Five years ago, I hired a team member to run my “social media campaigns”, preferably remotely. He was instructed to feature local businesses a couple of times a week on Facebook. My wife called me one summer afternoon and said: “I’ve wanted to have lunch at that restaurant for a long time. Why didn’t you take ME?” I had no idea what she was talking about, or worse, why she was upset. When I checked my Facebook timeline, it became obvious: My social media manager had posted a review for me. Not only would I have never chosen to eat at the restaurant, anyone who knows me could figure out in milliseconds that I would never order the menu items he mentioned in the review. In that instant I realized that my role as a business owner had to change. No longer could I be seen as a “salesman”. In order to survive in a world demanding transparency and authenticity, I had to develop a personal brand and align it closely with that of the company. No longer could I sell products and services: I had to begin marketing myself.
Almost everything has changed since that day 5 years ago. Everything, that is, except the diligent focus on providing exceptional value and service. Anyone who reaches out to a business for service today expects to be served on their timeline and according to their needs. Even more, today’s ultimate close isn’t really a close at all. It’s more like a trust-building interaction to confirm authenticity…
Don’t send your best friend on YOUR blind date.

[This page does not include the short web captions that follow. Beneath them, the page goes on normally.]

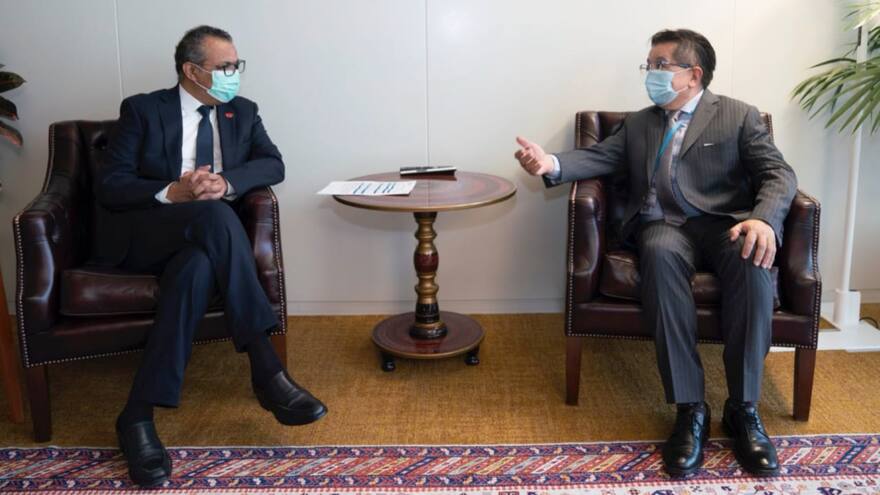 Minsalud habló con director de la OMS sobre producción local de vacunas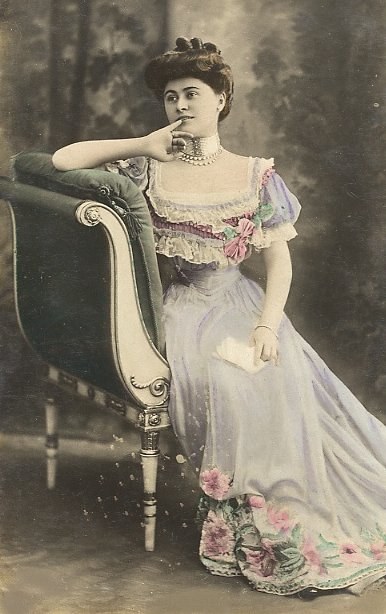 victorian-fashion-1907thinking-him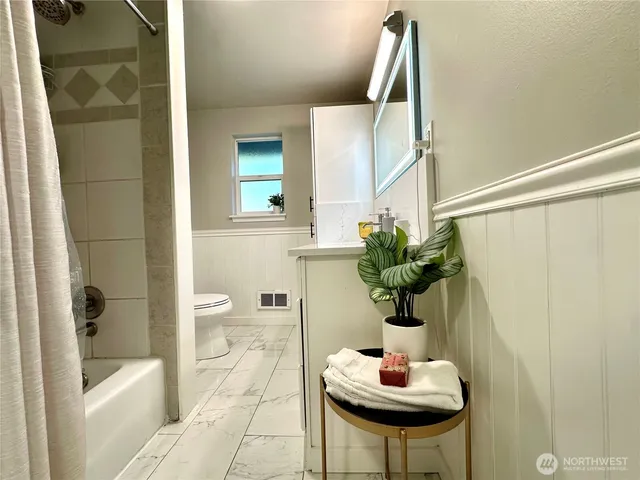 a bathroom with a bathtub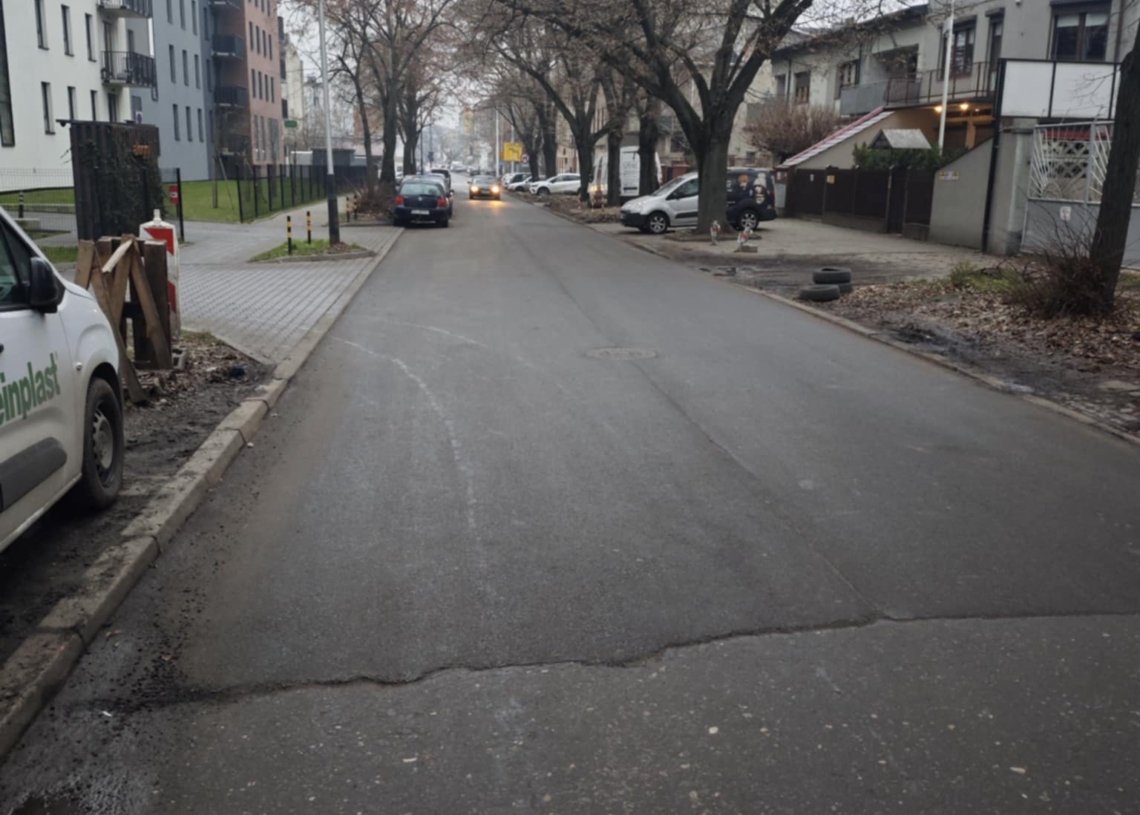 Bareja na Senatorskiej. Słupki, trawnik, auta i nieskuteczni urzędnicy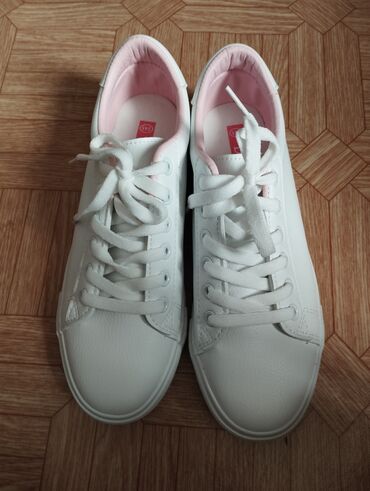 кросовеи: Новые белые кросовки,кеды. не подошёл размер. в комплекте розовые и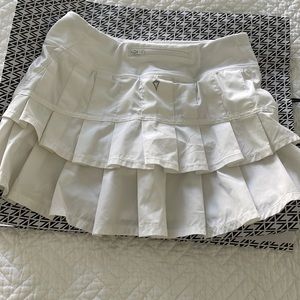Kids Ivivva (lululemon) running skort.  Super cute size 10/12 white.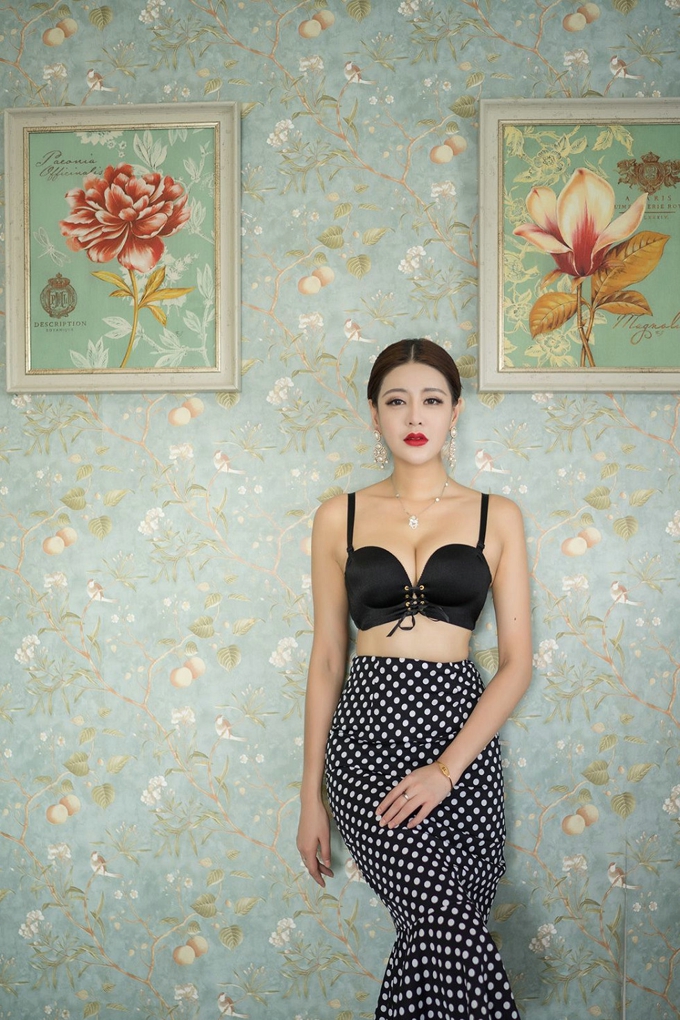 美女美希子诱惑内衣黑色大胸美腿妖娆身姿火辣写真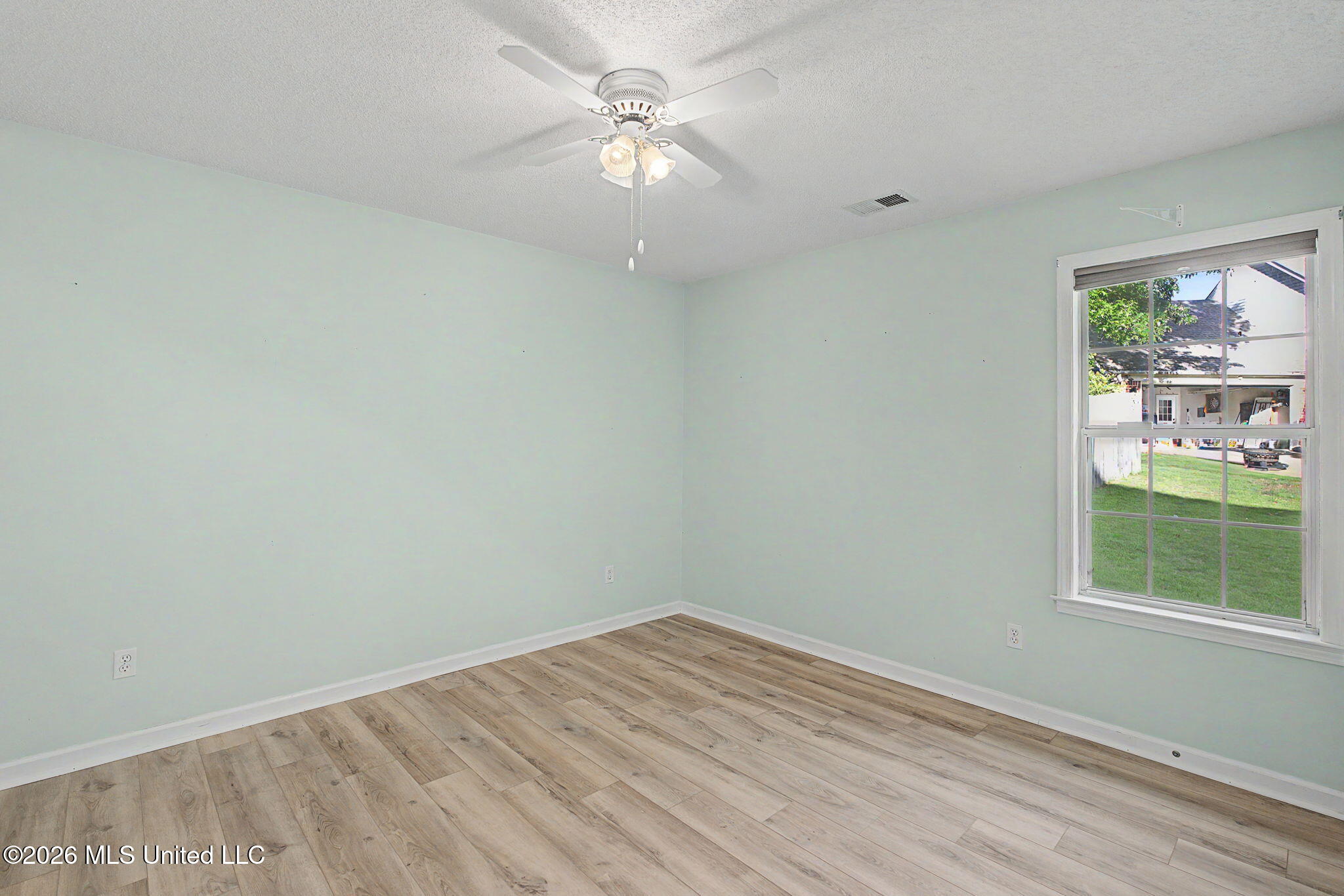 4695 Bell Ridge Cove Olive Branch, MS 38654 - Photo 20 of 37 20-web-or-mls-4695 Bell Ridge Cove-19 (1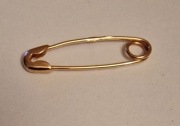 Zlota broszka 585 agrafka 0.58g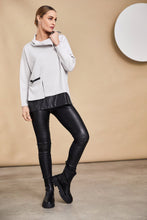 Load image into Gallery viewer, AW24 Naya Leatherette leggings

When I was a kid, my dad used to spend every Saturday morning from 7am to Noon at the grain elevator lobby in our local town. He and a dozen other farmers got together to talk about anything anyone wanted to discuss. When I went along, one of the men always gave me a shiny quarter to buy an Orange Crush in a 10-ounce bottle from the Coca-Cola chest-cooler. Back then, I thought it was because he liked me. Now that I’ve been a father for 18 years, I’m pretty sure it was to keep me quiet so dad could socialize.
Why did I tell you this? How is 1972 applicable to today? Because people like my dad and his friends were all about community. Their sense of belonging made time stand still because they shared common world views. Today the Internet adapts the desirable characteristics of 1972 while diminishing or even eliminating the constraints of geography. Consumers’ options are longer defined by the yellow pages. Businesses, their products and services, and even their representatives can be searched, researched, located, contacted, interacted with, mapped, and transacted with…no matter where they are in the world.
What does that mean to consumers? A couple of things. First, if you’re already being served by a business, but you don’t share complementary world views with the representative you were formerly bound or assigned to, you can research and locate a provider you ARE compatible with. Doing so contributes to the creation of a community where you belong instead of feeling like a prospect constantly being sold to. Second, you can regain control of your time. You’ll be able to confidently ignore a majority of the interruptions competing for your attention every day. If you have the desire, you can now research and compare every brand that you believe to be a fit to provide for YOUR needs as well as identifying the company representatives you feel most compatible with.
When you follow this process, you’ll find yourself in a much happier place. You’ll be part of a community of people who share similar world views. Everyone is set free from the continuous interruptions by representatives who “just don’t get it”.
Sounds pretty appealing, doesn’t it?